The president of the Competition Appeal Tribunal (CAT) has reproached the Law Society for a “deeply unimpressive” explanation of its failure to disclose all the documents it should have done in the Socrates case.
It is the second time that the society’s conduct of the case – which led to last month’s ruling that it abused its dominant position  – has been singled out for criticism by Mr Justice Roth.
The comments came in the costs judgment, although the tribunal found that the failure was not so severe as to warrant an order of indemnity costs.
We reported on Monday  on the tribunal’s order that the society should pay Socrates’ costs of up to the approved budget of £230,000, subject to assessment on the standard basis, if not agreed.
The costs ruling , also published this week, showed that Socrates argued that the tribunal should award indemnity costs, which would have removed the budget cap.
The strongest argument, according to Roth J, was over the Law Society’s failure to disclose the business case for the Conveyancing Quality Scheme and related management board minutes from 2010.
The documents came to light primarily as a result of questioning from one of the tribunal members during the trial and were only disclosed after the hearing.
Last July, the society was ordered to disclose “all policy documents and business plans relating to the inception of the CQS” in so far as it came across them while preparing its witness statement evidence.
Three months later, it told the claimant that “all minutes relevant to the inception of the CQS have already been disclosed to you”.
The society told the tribunal that in preparing the evidence, the 2010 business case “was not identified or relied upon, and as such, it was not disclosed”.
Roth J said: “We have to say that that explanation is not merely regrettable, as [counsel for the Law Society] accepted, but deeply unimpressive.
“We do not think that the failure to disclose these documents is explicable by the fact that this was a fast-track procedure. Although the Law Society was not technically in breach of the tribunal’s order, these documents clearly should have been identified.
“The Law Society disclosed, and its witness, Mr Smithers, indeed relied on, the minutes of the membership board of 19 October 2010. Those minutes state at para 33.1 under the heading ‘CQS Update’, the following: ‘The business case for the CQS would be submitted to the management board on 20 October… for approval.’
“It seems to us that any proper reading of that document would have taken the reader to the minutes of the management board, as there identified, and to the business case, as there expressly referred to.”

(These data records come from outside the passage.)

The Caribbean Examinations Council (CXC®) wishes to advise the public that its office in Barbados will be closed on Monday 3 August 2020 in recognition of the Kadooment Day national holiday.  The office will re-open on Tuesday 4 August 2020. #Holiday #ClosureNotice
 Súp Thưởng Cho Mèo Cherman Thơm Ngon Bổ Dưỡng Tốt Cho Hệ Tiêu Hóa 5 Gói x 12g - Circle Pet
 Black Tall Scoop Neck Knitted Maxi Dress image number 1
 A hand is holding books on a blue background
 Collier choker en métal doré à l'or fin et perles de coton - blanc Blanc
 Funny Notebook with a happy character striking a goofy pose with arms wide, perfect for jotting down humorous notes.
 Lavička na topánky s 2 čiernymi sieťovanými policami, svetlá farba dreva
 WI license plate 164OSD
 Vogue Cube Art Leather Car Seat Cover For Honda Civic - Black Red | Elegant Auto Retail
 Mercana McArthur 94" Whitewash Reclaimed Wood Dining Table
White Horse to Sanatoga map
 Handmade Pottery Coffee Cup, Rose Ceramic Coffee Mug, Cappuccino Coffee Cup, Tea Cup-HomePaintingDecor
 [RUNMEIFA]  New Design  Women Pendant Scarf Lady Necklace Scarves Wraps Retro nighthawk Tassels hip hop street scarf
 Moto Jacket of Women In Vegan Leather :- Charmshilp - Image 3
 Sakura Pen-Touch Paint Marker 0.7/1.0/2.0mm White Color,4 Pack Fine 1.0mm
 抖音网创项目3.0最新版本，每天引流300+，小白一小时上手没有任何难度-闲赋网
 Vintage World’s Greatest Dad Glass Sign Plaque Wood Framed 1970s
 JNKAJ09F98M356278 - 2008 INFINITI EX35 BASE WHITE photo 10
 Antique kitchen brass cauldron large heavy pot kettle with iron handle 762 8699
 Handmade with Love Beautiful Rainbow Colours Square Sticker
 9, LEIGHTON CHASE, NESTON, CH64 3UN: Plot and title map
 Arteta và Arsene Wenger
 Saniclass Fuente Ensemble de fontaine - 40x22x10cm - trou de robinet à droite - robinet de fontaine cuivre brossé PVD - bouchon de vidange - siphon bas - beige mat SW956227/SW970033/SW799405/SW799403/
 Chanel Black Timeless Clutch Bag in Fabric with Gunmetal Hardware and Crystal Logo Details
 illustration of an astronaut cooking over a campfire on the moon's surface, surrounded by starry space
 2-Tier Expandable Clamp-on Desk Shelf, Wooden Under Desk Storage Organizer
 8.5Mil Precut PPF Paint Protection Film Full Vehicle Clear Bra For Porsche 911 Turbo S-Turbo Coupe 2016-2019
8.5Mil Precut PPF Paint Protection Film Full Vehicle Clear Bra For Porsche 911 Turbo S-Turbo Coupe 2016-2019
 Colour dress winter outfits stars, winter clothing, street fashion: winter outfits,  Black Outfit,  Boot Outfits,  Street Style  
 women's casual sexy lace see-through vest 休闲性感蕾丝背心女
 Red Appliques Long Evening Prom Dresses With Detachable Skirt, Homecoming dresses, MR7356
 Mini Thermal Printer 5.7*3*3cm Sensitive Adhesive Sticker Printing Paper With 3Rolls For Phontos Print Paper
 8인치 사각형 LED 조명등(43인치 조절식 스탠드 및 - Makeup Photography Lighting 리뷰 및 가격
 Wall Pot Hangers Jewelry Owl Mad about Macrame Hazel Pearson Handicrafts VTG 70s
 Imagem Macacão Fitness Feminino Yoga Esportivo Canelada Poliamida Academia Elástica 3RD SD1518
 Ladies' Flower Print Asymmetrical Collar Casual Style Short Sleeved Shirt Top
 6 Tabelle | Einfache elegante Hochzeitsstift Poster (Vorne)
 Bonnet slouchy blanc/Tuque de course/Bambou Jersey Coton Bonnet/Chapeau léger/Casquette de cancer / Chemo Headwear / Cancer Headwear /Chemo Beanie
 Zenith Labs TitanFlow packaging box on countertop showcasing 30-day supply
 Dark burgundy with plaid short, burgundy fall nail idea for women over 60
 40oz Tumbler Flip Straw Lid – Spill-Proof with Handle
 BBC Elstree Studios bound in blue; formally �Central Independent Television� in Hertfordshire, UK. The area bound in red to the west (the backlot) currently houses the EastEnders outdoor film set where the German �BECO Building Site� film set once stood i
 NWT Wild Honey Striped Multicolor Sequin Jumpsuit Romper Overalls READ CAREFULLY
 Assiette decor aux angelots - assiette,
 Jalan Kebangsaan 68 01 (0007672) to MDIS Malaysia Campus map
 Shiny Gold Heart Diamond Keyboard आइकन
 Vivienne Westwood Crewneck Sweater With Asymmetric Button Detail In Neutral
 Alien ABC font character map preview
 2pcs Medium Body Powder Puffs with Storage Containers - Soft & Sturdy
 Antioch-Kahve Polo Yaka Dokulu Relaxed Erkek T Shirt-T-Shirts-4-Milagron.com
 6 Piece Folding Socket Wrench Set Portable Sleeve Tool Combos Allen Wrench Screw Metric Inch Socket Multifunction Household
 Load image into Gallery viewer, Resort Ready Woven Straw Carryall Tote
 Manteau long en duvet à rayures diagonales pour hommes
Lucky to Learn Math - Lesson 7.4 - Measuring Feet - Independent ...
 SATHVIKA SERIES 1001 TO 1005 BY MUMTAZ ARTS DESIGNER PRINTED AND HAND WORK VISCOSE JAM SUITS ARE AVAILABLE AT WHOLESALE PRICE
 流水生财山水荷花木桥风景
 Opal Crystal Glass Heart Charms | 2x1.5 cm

The result of the failure was that former president Jonathan Smithers could not be cross-examined on the business case, “as he no doubt otherwise would have been, and we had brief written submissions on it from both sides after the trial was over”.
But Roth J continued: “However, although very unfortunate and, as I said, unimpressive, we do not think that this is so serious as to take the case out of the norm and justify any order of indemnity costs.
“It is a very extreme step to displace the normal requirement that the recoverable costs should be limited to what is proportionate, and this is just one particular, limited incident in the course of proceedings that, although under the fast-track procedure, nonetheless involved disclosure of a substantial number of documents.”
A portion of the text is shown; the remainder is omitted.